Repeat everything in the listing exactly, except for the images.

**GIVEN DATA**

________

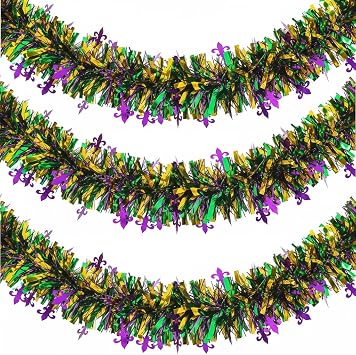 4pcs Mardis Gras Tinsel Garland 26.25ft Mards Gras Decorations Glitter Tinsel Garland Party Parade Float Decor Indoor Outdoor Tree Decoration Party Supplies Purple Green Gold Metallic Streamers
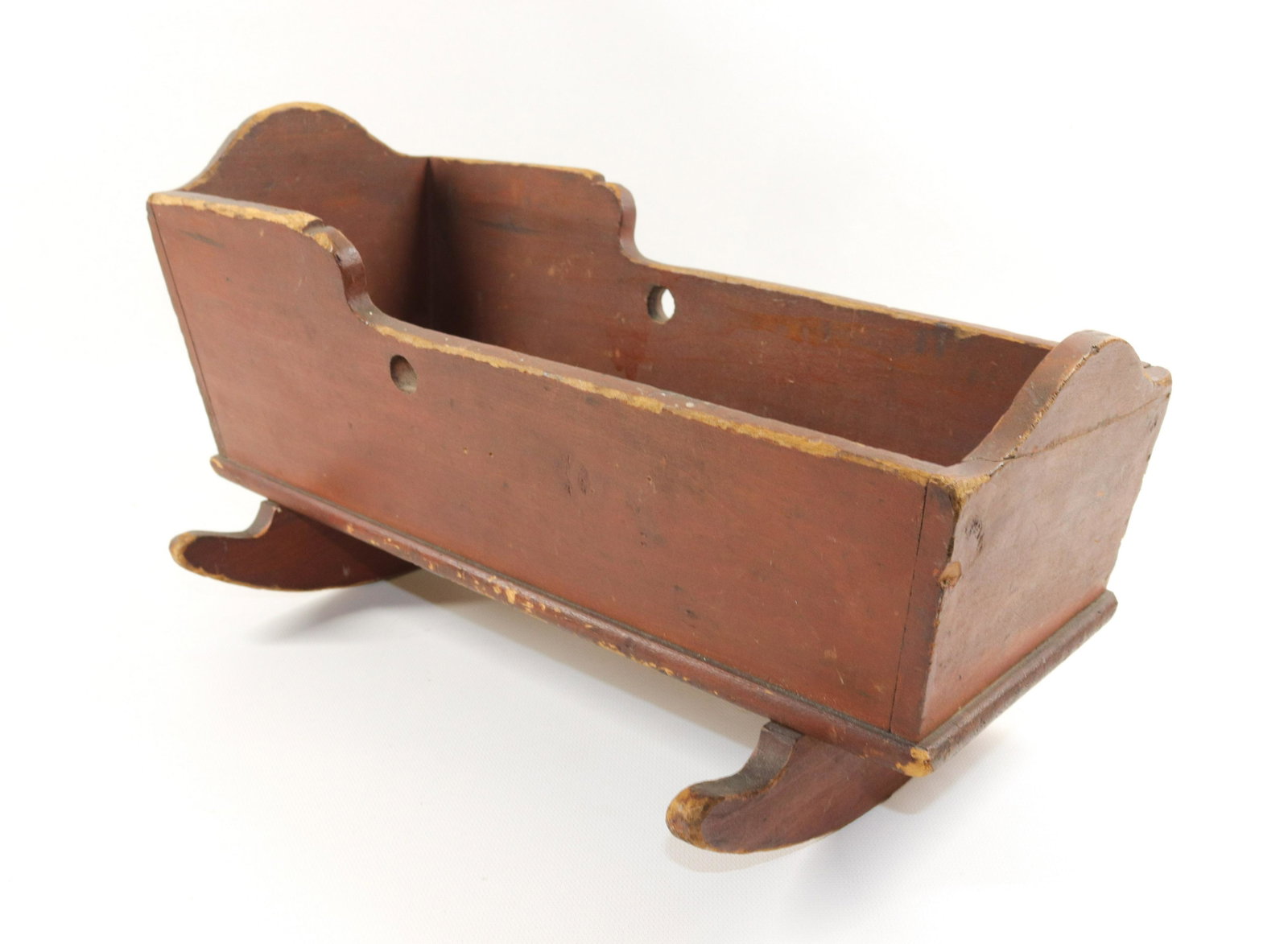WOODEN DOLL CRADLE: SQUARE NAIL CONSTRUCTION Dimensions 7 3/4" H X 14" L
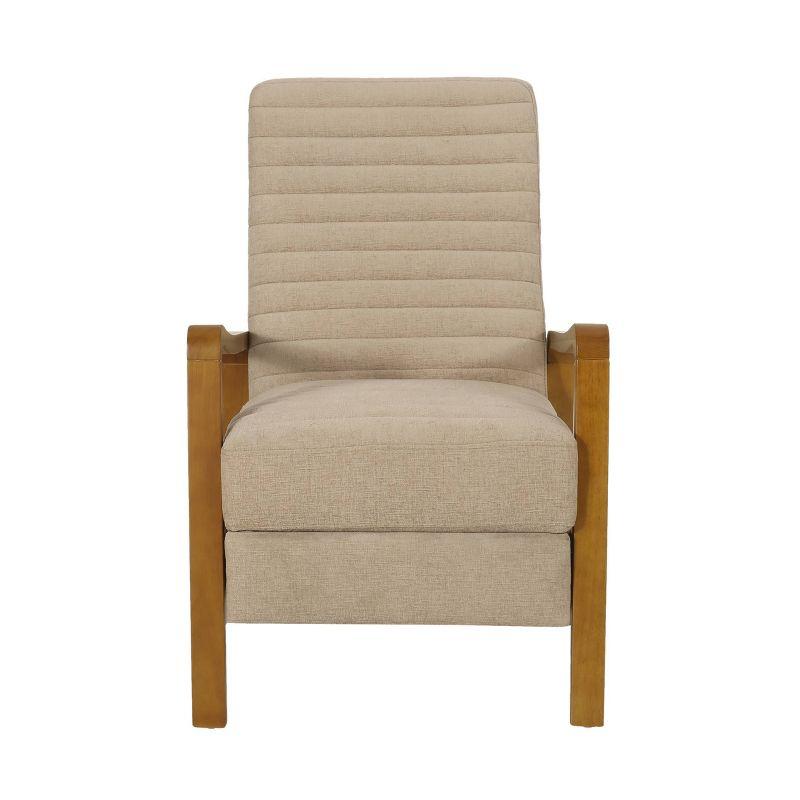 Munro Contemporary Fabric Channel Stitch Pushback Recliner Sand/Teak - Christopher Knight Home: Mid-Century Design, Rubberwood Frame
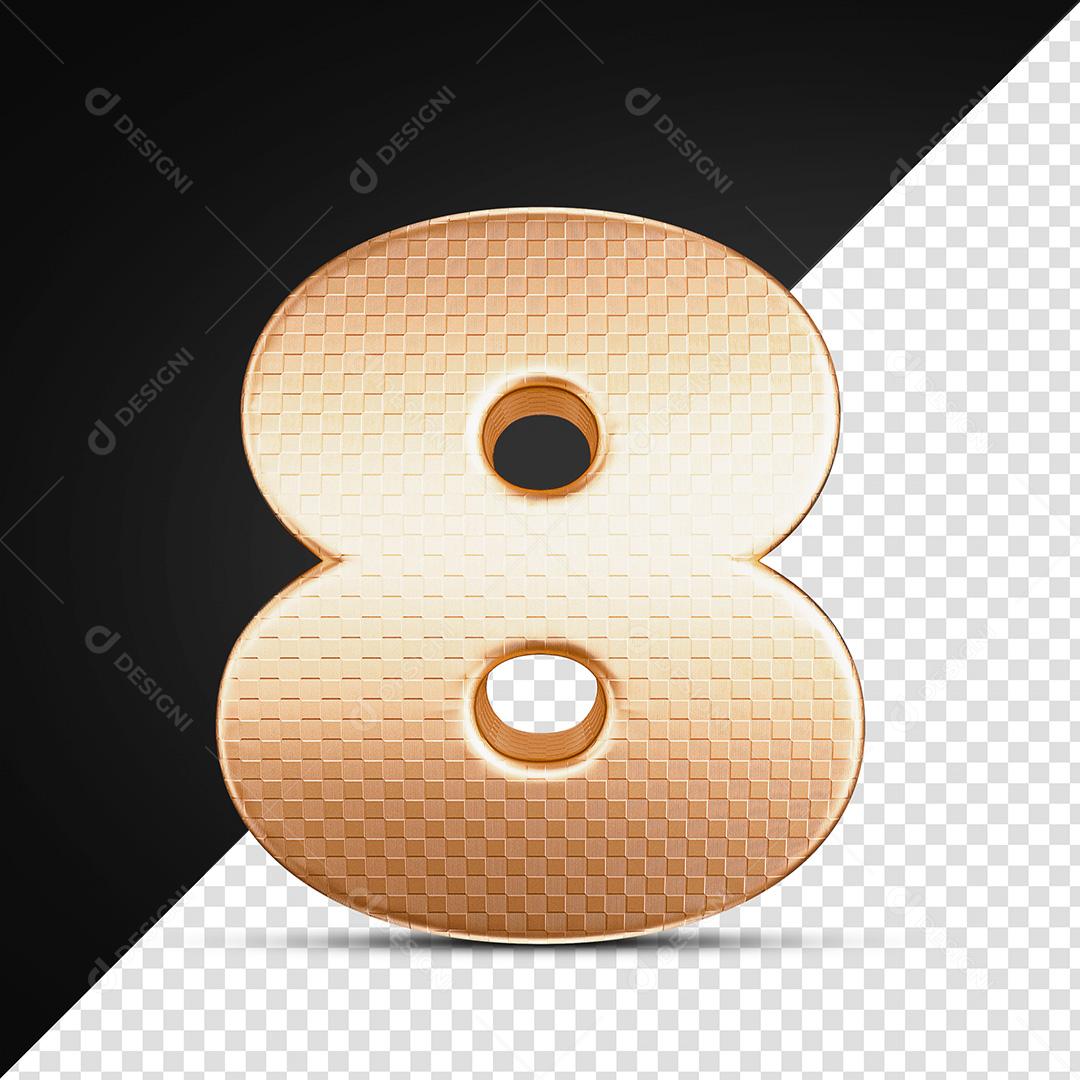 Elementos 3D Para Composição Número 8 Dourado PNG Transparente Sem Fundo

________

**EXERCISE OUTPUT**
 4pcs Mardis Gras Tinsel Garland 26.25ft Mards Gras Decorations Glitter Tinsel Garland Party Parade Float Decor Indoor Outdoor Tree Decoration Party Supplies Purple Green Gold Metallic Streamers
WOODEN DOLL CRADLE: SQUARE NAIL CONSTRUCTION Dimensions 7 3/4" H X 14" L
 Munro Contemporary Fabric Channel Stitch Pushback Recliner Sand/Teak - Christopher Knight Home: Mid-Century Design, Rubberwood Frame
 Elementos 3D Para Composição Número 8 Dourado PNG Transparente Sem Fundo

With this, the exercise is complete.